Rizki memejamkan matanya, menahan sesak dadanya karena dosa yang telah dilakukannya terasa menindihnya dan itu sangatlah berat.
“Kamu melakukan apa? Kalau bisa ibu akan menolongmu.”
“Menolong seorang yang melakukan kejahatan?”
“Kejahatan apa yang kamu lakukan? Kata pembantu itu, yang namanya tuan Hasbi adalah orang baik.”
“Ibu ke rumah tuan Hasbi?”
“Ya, untuk memastikan, apakah kamu anak kandung tuan Hasbi, ataukah anak angkat. Kalau anak angkat, berarti kamu adalah anakku.”
“Ibu bertemu tuan Hasbi?”
“Tidak, hanya pembantunya. Katanya, tuan Hasbi sakit, dan dibawa ke rumah sakit.”
“Ya Tuhan,” keluh Rizki yang lama sekali tidak menyebut nama Tuhan.
Air matanya tiba-tiba menitik.
“Ada apa Nak?”
“Tuan Hasbi sangat baik. Tak ada orang sebaik dia. Aku bersalah, aku berdosa, aku pantas dihukum.”
“Apa yang kamu lakukan?”
“Banyak.”
“Jarot, ibu akan menolongmu.”
“Tidak Bu, tak seorangpun bisa menolong aku,” tangis Rizki pecah. Tangis penuh penyesalan.

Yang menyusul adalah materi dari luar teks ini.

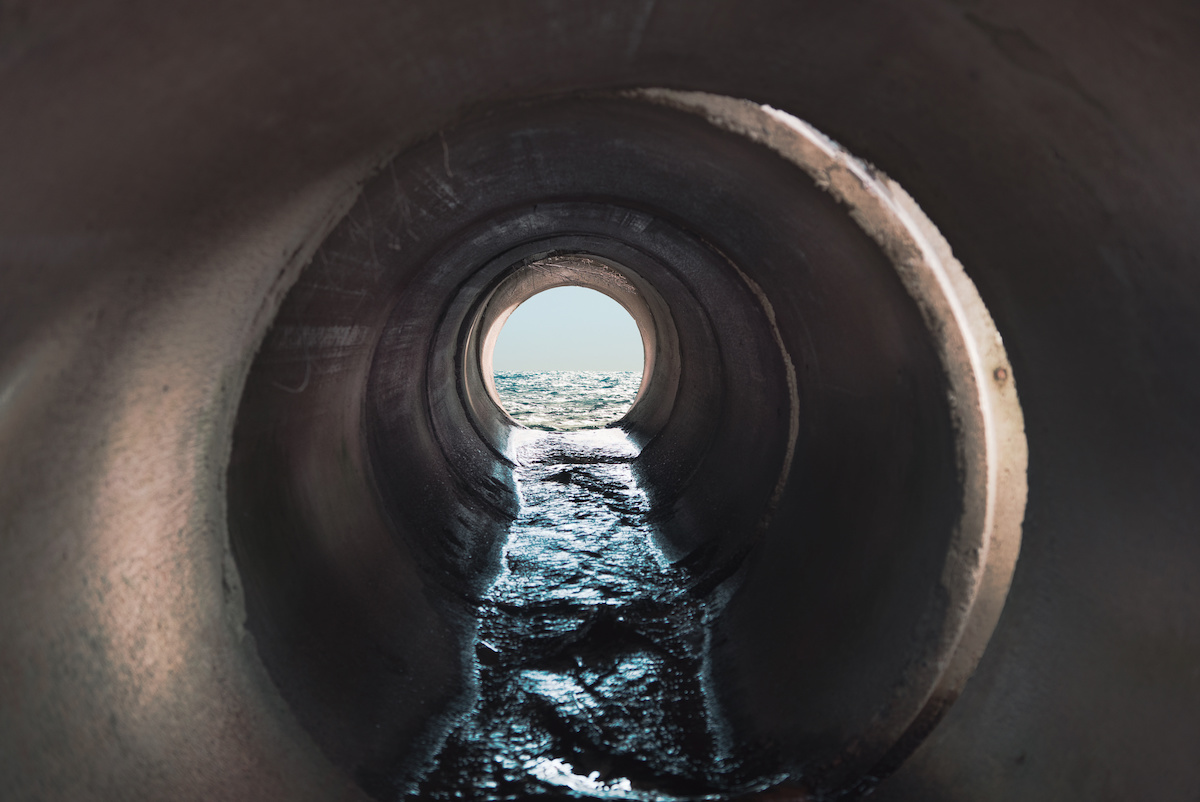 A view down a sewage pipe which flows into the sea beyond.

“Sudahlah Nak, jangan menangis lagi.”
“Kalau Ibu adalah ibuku, siapakah ayahku?”
“Ayahmu adalah seorang tukang tambal ban.”
“Apa?” Rizki berteriak.
“Namanya Misdi.”
“Apa?” teriakannya lebih keras, membuat beberapa perawat menoleh ke arahnya.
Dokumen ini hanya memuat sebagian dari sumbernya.